**Data for this task**:
□ □ □ □ □ □ □
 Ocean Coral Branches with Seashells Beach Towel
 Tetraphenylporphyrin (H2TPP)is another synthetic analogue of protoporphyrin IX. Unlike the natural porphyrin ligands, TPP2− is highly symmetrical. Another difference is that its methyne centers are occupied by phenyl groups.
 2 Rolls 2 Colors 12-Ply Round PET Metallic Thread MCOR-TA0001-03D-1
□ □ □ □ □ □ □
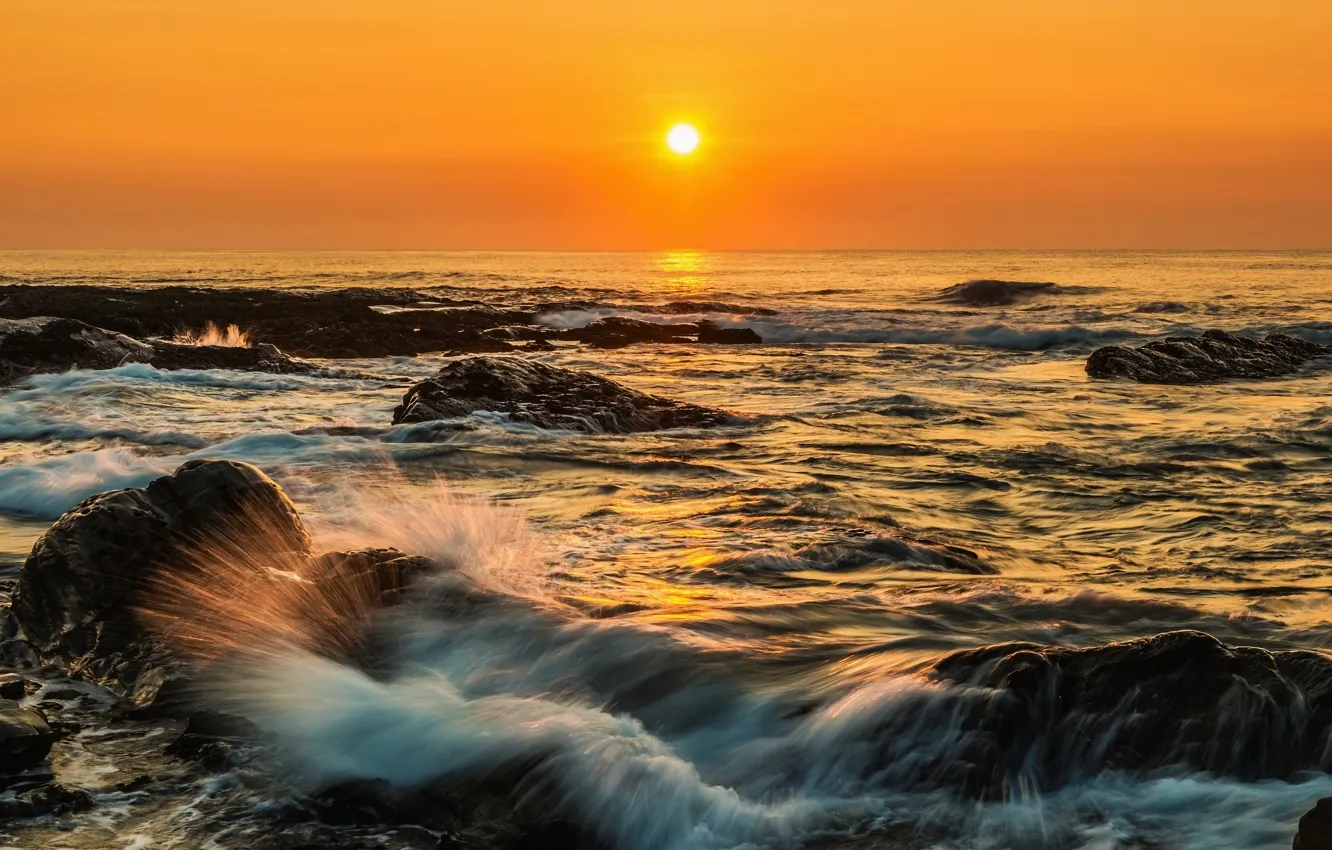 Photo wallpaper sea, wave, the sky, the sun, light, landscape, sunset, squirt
□ □ □ □ □ □ □
**Your instructions**: The expected output is exactly the lines of the listing above between the line holding "Tetraphenylporphyrin (H2TPP)is another" and the line holding "2 Rolls 2 Colors", inclusive.

**Reply to the task**:
 Tetraphenylporphyrin (H2TPP)is another synthetic analogue of protoporphyrin IX. Unlike the natural porphyrin ligands, TPP2− is highly symmetrical. Another difference is that its methyne centers are occupied by phenyl groups.
 2 Rolls 2 Colors 12-Ply Round PET Metallic Thread MCOR-TA0001-03D-1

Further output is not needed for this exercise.